At a recent coaching supervision group, we were discussing how each of us are experiencing the current state. The noticeable theme was the idea of being in the ‘in between’, known as the limen or the liminal space. This is the place between the old stories we have been living and the new stories that are trying to emerge.


According to the Oxford English Dictionary ‘limen’ means ‘threshold’, an in between state or space where what is possible is not necessarily yet perceptible. William Bridges in his work on change and transitions refers to this concept as the ‘neutral zone’, the place between what is ending and what is beginning. 


What became apparent for our group as we reflected, was the desire we have as humans to move straight from the old to the new, and how strong our reactions can be if things are not as we might want them to be during transition.


This had me thinking about an early COVID-19 supermarket experience that has stayed with me, I’m sure many of you witnessed or experienced something similar - I’m calling it the ‘Brown Pasta Moment’.

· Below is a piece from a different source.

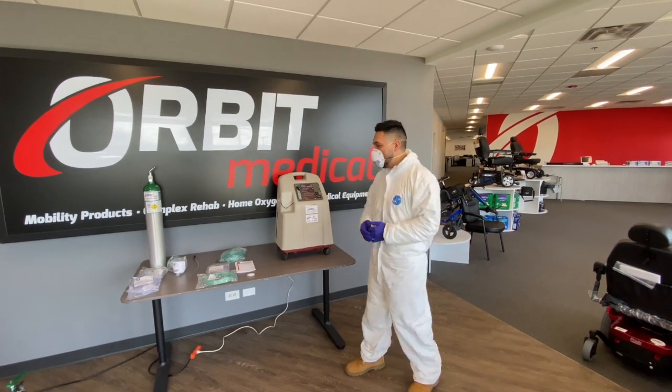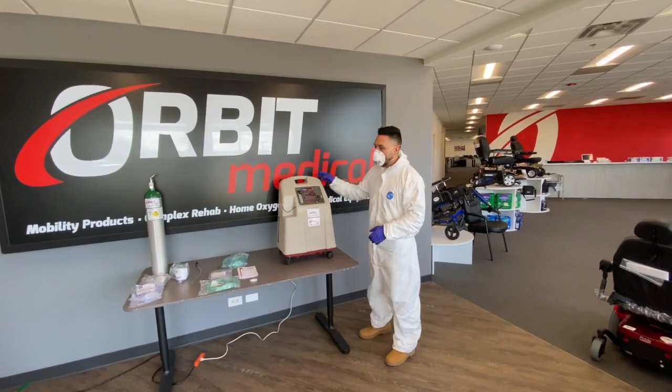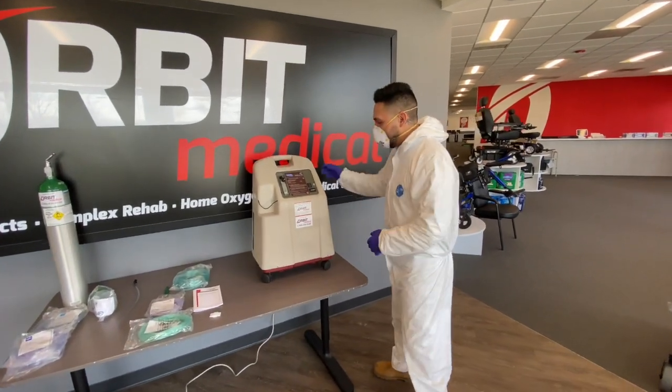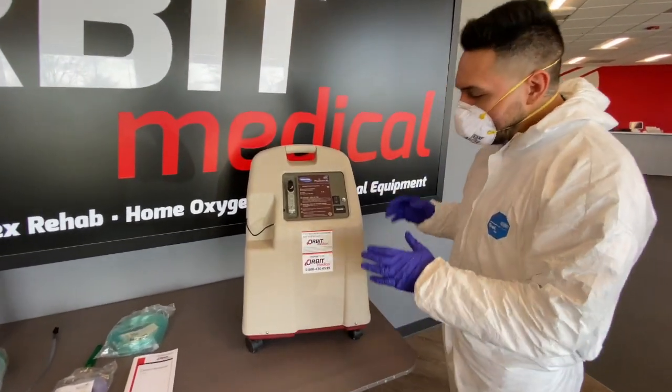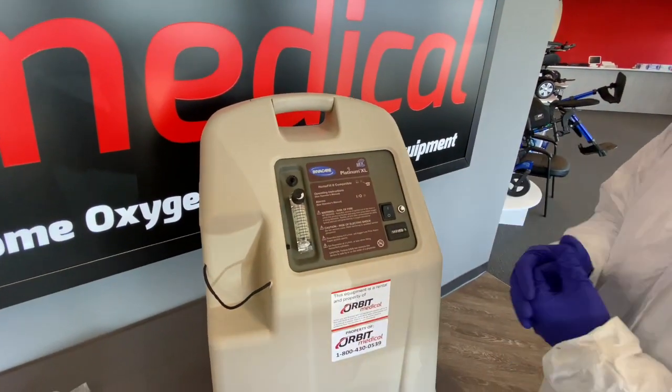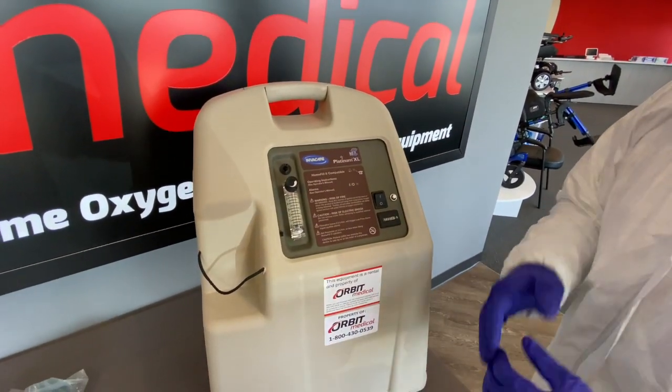All right guys, thank you for choosing Orbit. In this video I'll be demonstrating a five-liter concentrator setup. Right in front of me I have a concentrator, and what I want to start off with is first explaining what everything is, and then we'll go ahead and explain how to connect everything together and set it up.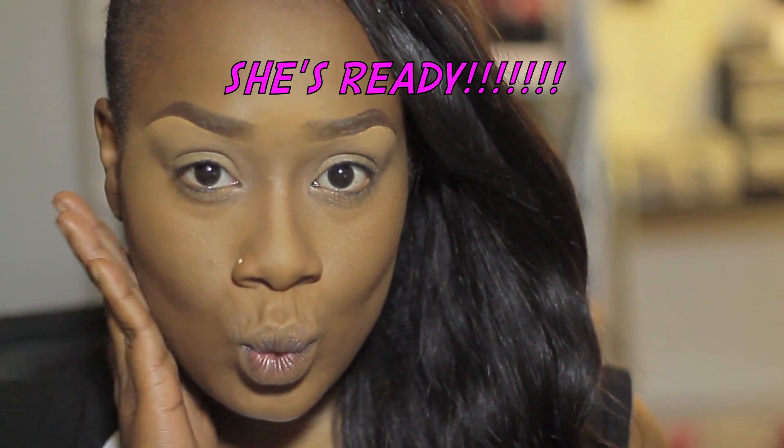I noticed how weird I looked without my eyebrows applied after all that makeup, so I went ahead and popped them on. I have plenty of eyebrow tutorials available here on my channel, so if you want to see how I do my eyebrows you're more than welcome to check those out. But look at that cut, look at those definitions — we're popping it out and looking flawless! Thank you guys so much for watching and I'll see you in the next video.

I was on my only permitted outing of the day to the local supermarket, here I noticed a parent of a 5-year-old dealing with a COVID induced issue. They were in the pasta aisle, the good news was there was pasta on the shelves, the bad news - it was brown pasta. For the accompanying 5-year-old brain this emerging new story was not good news. No amount of explaining from the very patient parent was going to convince them that ‘brown’ was a suitable alternative to traditional pasta. For now, at least, the known and familiar was gone, what was present was not palatable, literally and figuratively.


Feeling for the parent I didn’t hang around to see how the story ended but it did have me asking the following question,


What ‘Brown Pasta Moments’ are we experiencing as leaders and coaches during this time?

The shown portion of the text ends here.